秦怀瑜脸颊上的掌印清晰可见,但她似乎感觉不到疼痛,只是用那双黑沉沉的、毫无温度的眼睛,死死地盯着秦母。那眼神里没有委屈,没有愤怒,只有一种近乎漠然的审视,和深埋其下的、汹涌的暗流。仿佛在看一个歇斯底里的陌生人,又像是在确认某种早已料定的结局。

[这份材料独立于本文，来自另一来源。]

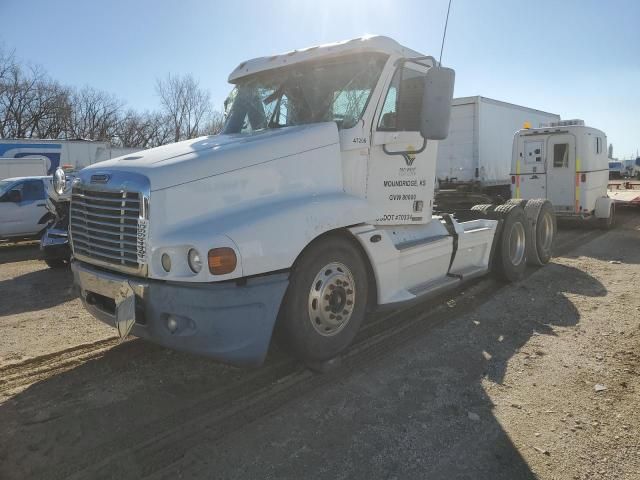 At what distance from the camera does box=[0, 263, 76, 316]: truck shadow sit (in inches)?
255

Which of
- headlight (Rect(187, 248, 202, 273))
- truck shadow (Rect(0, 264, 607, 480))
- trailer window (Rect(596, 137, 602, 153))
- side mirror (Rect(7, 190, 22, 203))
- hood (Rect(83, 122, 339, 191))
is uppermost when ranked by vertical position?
trailer window (Rect(596, 137, 602, 153))

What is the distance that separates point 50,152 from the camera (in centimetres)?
2034

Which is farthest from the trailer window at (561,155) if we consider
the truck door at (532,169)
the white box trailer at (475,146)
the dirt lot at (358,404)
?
the dirt lot at (358,404)

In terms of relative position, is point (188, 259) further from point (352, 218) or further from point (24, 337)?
point (24, 337)

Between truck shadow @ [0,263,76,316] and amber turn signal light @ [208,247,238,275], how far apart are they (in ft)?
11.4

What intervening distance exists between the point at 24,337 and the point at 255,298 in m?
3.32

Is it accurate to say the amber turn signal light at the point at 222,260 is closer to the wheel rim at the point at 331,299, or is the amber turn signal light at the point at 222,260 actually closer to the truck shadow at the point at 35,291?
the wheel rim at the point at 331,299

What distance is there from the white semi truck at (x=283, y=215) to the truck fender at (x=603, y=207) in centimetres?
911

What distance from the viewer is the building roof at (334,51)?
439cm

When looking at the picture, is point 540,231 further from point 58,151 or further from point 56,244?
point 58,151

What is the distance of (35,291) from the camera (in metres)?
7.36

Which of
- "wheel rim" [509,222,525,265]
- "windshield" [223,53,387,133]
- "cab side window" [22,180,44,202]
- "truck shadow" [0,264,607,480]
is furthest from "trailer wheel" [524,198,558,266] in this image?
"cab side window" [22,180,44,202]

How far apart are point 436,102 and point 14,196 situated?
471 inches

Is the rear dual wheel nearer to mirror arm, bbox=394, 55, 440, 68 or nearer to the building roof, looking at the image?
mirror arm, bbox=394, 55, 440, 68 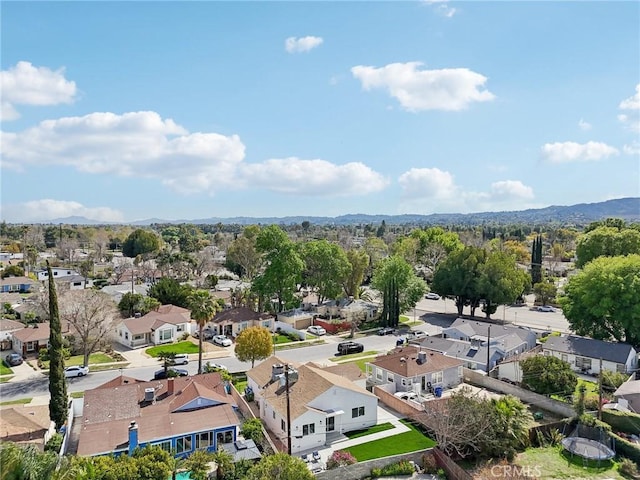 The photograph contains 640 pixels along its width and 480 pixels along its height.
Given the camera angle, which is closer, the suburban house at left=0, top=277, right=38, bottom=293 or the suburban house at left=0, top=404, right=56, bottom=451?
the suburban house at left=0, top=404, right=56, bottom=451

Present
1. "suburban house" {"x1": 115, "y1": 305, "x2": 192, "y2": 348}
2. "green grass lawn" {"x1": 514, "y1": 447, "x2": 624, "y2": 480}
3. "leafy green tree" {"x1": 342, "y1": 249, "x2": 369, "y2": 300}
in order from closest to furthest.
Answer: "green grass lawn" {"x1": 514, "y1": 447, "x2": 624, "y2": 480} < "suburban house" {"x1": 115, "y1": 305, "x2": 192, "y2": 348} < "leafy green tree" {"x1": 342, "y1": 249, "x2": 369, "y2": 300}

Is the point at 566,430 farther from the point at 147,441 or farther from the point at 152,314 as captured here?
the point at 152,314

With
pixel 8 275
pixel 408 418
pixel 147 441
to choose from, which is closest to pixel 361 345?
pixel 408 418

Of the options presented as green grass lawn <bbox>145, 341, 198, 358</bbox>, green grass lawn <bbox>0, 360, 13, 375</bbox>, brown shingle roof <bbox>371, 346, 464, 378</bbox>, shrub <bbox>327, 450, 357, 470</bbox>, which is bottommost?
green grass lawn <bbox>145, 341, 198, 358</bbox>

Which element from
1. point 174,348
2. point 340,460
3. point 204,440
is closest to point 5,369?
point 174,348

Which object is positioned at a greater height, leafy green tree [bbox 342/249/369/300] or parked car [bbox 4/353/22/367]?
leafy green tree [bbox 342/249/369/300]

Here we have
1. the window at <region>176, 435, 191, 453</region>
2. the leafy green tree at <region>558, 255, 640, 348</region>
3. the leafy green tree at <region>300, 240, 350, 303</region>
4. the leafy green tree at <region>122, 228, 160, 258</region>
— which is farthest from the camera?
the leafy green tree at <region>122, 228, 160, 258</region>

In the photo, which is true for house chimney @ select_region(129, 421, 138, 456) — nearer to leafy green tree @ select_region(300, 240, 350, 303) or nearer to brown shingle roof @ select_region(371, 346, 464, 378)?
brown shingle roof @ select_region(371, 346, 464, 378)

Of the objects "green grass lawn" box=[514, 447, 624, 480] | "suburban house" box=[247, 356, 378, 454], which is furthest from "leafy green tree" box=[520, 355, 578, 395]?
"suburban house" box=[247, 356, 378, 454]
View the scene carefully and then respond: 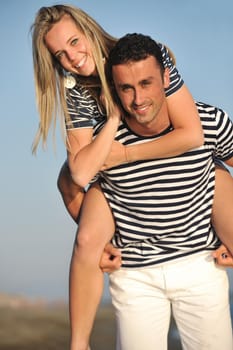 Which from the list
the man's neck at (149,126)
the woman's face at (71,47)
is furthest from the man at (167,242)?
A: the woman's face at (71,47)

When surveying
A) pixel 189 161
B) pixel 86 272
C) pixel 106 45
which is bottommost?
pixel 86 272

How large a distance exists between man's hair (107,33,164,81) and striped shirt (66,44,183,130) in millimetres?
77

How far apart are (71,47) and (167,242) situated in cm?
84

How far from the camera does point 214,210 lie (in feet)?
10.2

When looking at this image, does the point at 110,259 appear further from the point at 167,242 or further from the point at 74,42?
the point at 74,42

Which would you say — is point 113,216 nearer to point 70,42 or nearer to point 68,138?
point 68,138

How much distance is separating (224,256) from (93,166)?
2.16 ft

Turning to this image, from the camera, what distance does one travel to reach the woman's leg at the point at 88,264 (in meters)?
3.10

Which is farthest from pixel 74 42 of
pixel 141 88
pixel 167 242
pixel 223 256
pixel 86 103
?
pixel 223 256

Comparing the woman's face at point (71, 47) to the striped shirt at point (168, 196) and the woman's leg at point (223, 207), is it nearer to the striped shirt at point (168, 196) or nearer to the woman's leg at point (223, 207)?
the striped shirt at point (168, 196)

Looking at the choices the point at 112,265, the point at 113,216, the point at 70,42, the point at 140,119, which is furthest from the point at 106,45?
the point at 112,265

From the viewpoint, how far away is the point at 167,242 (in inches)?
120

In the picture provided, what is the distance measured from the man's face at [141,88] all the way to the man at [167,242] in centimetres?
7

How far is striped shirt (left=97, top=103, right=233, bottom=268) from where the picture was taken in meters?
3.01
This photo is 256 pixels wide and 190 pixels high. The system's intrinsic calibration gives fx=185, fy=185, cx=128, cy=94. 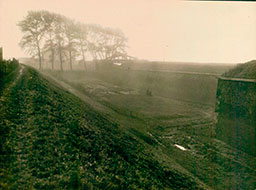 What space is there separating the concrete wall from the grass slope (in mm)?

秦执璧依旧死死抱着她的腰,感受到她身体紧绷如弓弦,那蓄势待发的力量让他心惊胆战,丝毫不敢放松。他真怕一松手,这个煞神妹妹就会不管不顾地做出更可怕的事情来。
“母亲!您少说两句!先看看三弟!”秦破军一边用力拦着还要往前冲的秦母,一边焦急地看向门口,“府医!府医呢?!怎么还没到!”
被秦破军吼了一嗓子,秦母的注意力才被强行拉回地上奄奄一息的秦揽星身上。看着小儿子满脸血污、气息微弱的惨状,她心痛如绞,眼泪终于决堤,却不是为秦怀瑜那巴掌,而是为了她从小疼到大的揽星。“我的星儿……你要是出了事,娘可怎么活啊……”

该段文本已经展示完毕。